Pixar gelmiş geçmiş en iyi film stüdyosu olabilir, yaptıkları her şey (bir iki istisna dışında) harika! Günümüzde bazı insanlar; sinema, televizyon ve müziğini geçmiş zamanlardan daha iyi olduğunu savunuyor. Evet günümüzde saçma sapan şeylerin sayısı oldukça fazla fakat Enes Batur’un filminin vizyona girmesini dünyanın sonu olarak görüp her yerde bunun hakkında konuşacağınıza insanlara Coco‘yu önerebilirsiniz.
Filmimiz, ailesi müzikten nefret eden, ancak müzisyen olmak isteyen Meksikalı bir çocuğun hikayesini anlatıyor. Çocuk, hayranı olduğu De La Cruz gibi ünlü bir gitarist olmak istiyor. Bu sebeple bir gün adamın mezarına gidip gitarını çalıyor ve böylece ölüler diyarına hapsoluyor.
Çocuğumuz, burada hem müzik hem de ailesi ile ilgili şeyler öğrenip bu diyardan çıkmaya çalışıyor. Coco teknik olarak mükemmel bir film!
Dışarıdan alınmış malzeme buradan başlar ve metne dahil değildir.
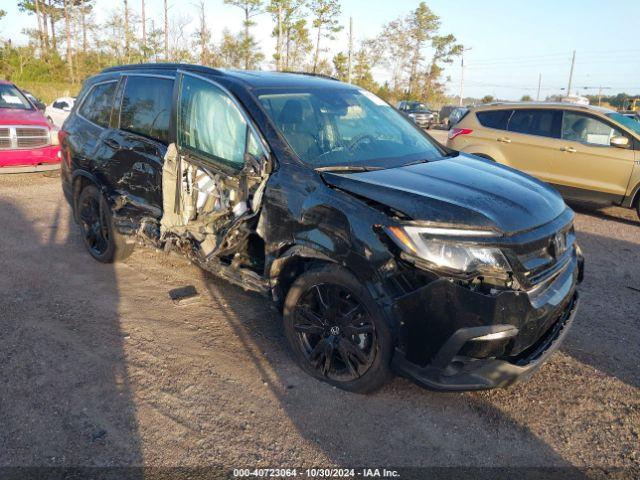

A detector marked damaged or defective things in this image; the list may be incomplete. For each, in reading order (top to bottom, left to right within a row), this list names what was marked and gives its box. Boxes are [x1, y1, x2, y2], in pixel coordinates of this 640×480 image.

missing driver door [168, 71, 268, 258]
damaged black suv [61, 63, 584, 394] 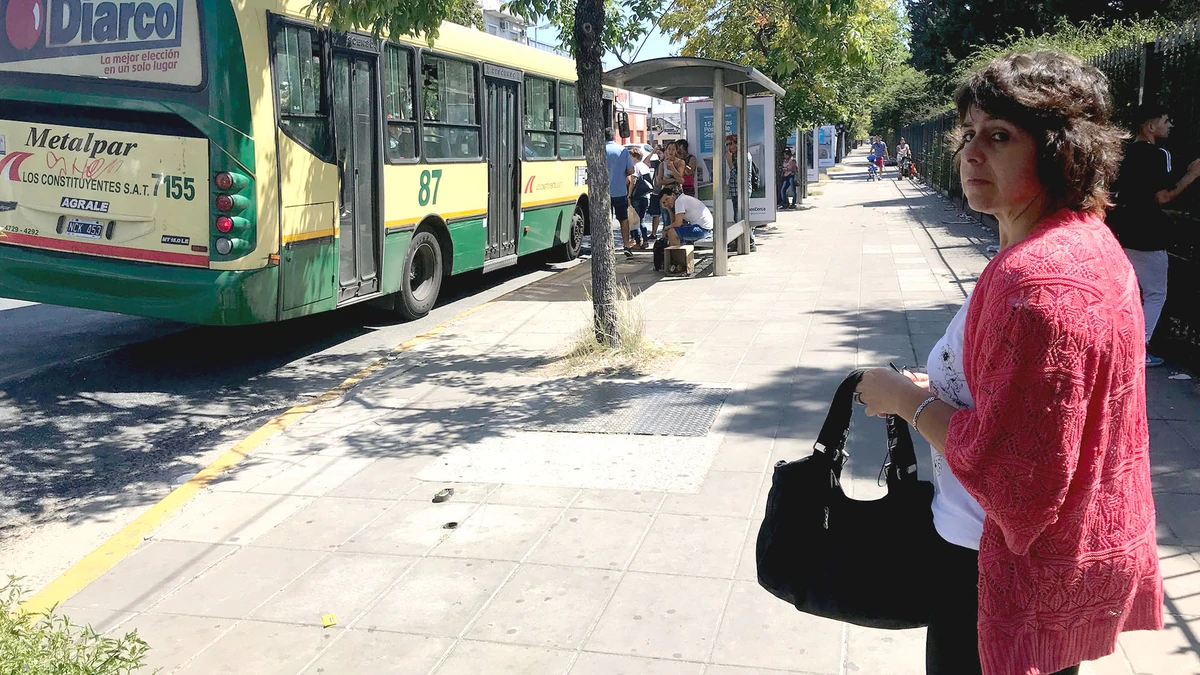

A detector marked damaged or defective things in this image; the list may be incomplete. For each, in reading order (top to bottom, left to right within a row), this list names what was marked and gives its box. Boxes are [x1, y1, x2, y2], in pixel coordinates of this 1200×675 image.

white painted pavement patch [417, 427, 720, 492] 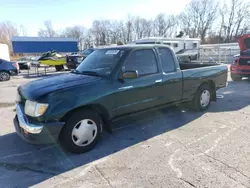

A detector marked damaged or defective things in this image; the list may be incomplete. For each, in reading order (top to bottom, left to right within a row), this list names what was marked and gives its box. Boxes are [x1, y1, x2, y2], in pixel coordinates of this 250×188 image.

cracked pavement [0, 74, 250, 187]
Renkli ve canlı kareler bize Meksika kültürünü çok güzel gösteriyor. Sadece kareler değil, belli ki bize Meksika kültürün anlatmak için detaylı bir çalışma yapılmış, ayrıca filmde yaratılan dünya size çok gerçek geliyor.
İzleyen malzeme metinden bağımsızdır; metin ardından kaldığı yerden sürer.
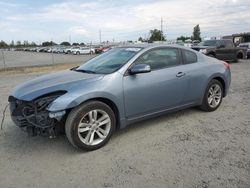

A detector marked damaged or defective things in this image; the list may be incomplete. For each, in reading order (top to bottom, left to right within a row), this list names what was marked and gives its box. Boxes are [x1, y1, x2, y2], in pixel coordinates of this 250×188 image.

damaged front bumper [8, 93, 66, 137]
front end damage [8, 91, 67, 138]
broken headlight assembly [9, 90, 67, 137] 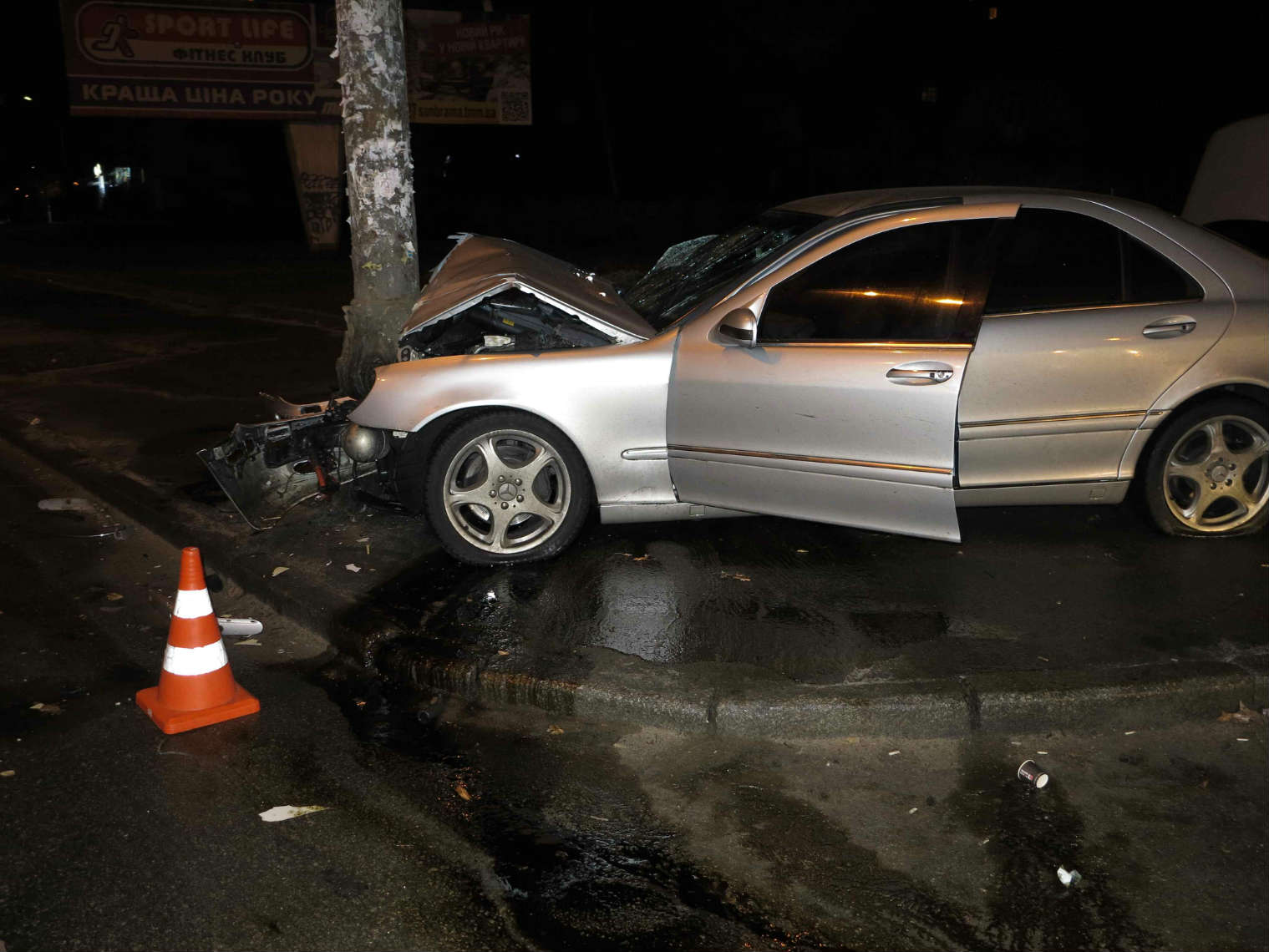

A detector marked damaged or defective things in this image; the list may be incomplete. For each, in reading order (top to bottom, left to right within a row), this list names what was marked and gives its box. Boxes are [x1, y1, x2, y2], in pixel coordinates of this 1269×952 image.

crumpled car hood [398, 233, 659, 345]
shattered windshield [622, 209, 822, 332]
detached front bumper [197, 393, 375, 530] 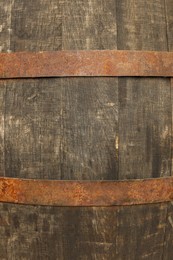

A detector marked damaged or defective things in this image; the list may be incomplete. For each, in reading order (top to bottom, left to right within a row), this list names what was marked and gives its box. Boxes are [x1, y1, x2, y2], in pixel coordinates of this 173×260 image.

rust stain on wood [0, 50, 172, 78]
rust stain on wood [0, 178, 173, 206] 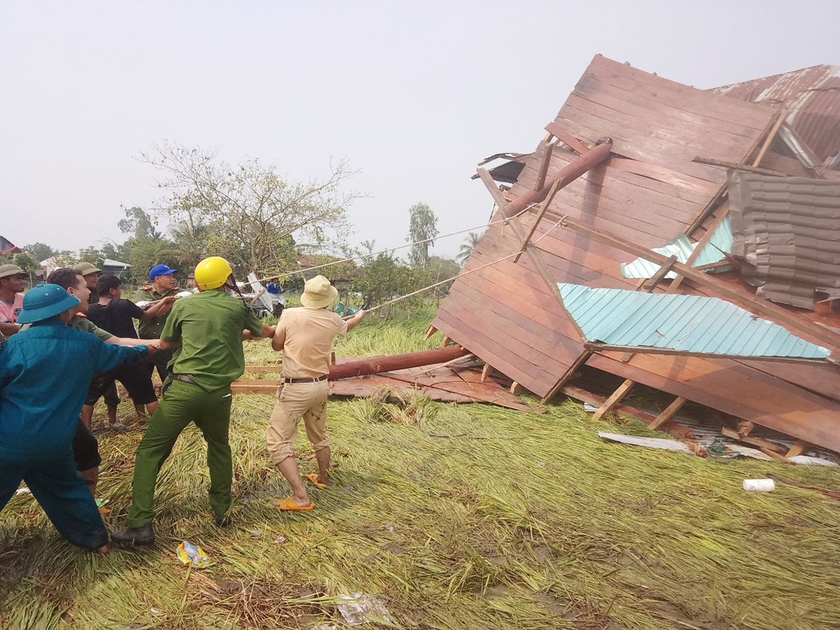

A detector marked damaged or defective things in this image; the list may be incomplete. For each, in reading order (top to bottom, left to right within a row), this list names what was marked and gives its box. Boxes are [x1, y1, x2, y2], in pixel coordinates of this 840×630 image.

damaged structure [434, 55, 840, 454]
Animasyon olarak yaratılmış olmasına rağmen karakterler ve mekanlar size bir yaşanmışlık hissi veriyor. Oraya gitmek, orada bulunmak istiyorsunuz ve filmin sonuna geldiğimizde ise muhteşem bir sonla karşılaşıyorsunuz. Coco’nun son 15 dakikası gerçekten inanılmaz. Coco çok iyi ve temiz bir senaryoya sahip, hiç gereksiz sahne bulunmuyor. Disney filmlerindeki harika teknik, güzel Meksika kültürü ile birleşince ortaya böyle bir film çıkıyor.
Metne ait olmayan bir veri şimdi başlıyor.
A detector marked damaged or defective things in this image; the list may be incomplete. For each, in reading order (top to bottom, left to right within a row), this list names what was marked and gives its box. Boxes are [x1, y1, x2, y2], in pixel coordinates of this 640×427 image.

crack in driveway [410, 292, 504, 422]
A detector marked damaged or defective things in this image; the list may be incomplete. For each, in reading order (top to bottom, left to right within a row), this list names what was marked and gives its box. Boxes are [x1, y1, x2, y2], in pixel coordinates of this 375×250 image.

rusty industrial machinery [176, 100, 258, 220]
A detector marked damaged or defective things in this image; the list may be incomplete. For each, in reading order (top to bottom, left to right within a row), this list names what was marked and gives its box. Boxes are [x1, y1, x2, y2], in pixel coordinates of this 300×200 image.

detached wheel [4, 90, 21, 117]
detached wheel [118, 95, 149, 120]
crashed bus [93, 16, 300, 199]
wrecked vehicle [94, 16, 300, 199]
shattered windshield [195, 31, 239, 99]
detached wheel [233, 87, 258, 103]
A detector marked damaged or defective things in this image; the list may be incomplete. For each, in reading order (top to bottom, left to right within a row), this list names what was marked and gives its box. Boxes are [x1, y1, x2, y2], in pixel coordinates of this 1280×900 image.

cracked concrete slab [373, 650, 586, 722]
Film sinemaya orjinal dili ile gelmediği için dublajlı izleyebilir ya da daha sonra izlemeyi tercih edebilirsiniz. Coco ayrıca ölümü hem çocuklar, hem de yetişkinler için düşündürücü ve naif bir biçimde ele alıyor. Kısacası bu film kesinlikle izlenmesi gereken bir film. Filme gidin ve bir şeyler hissedin.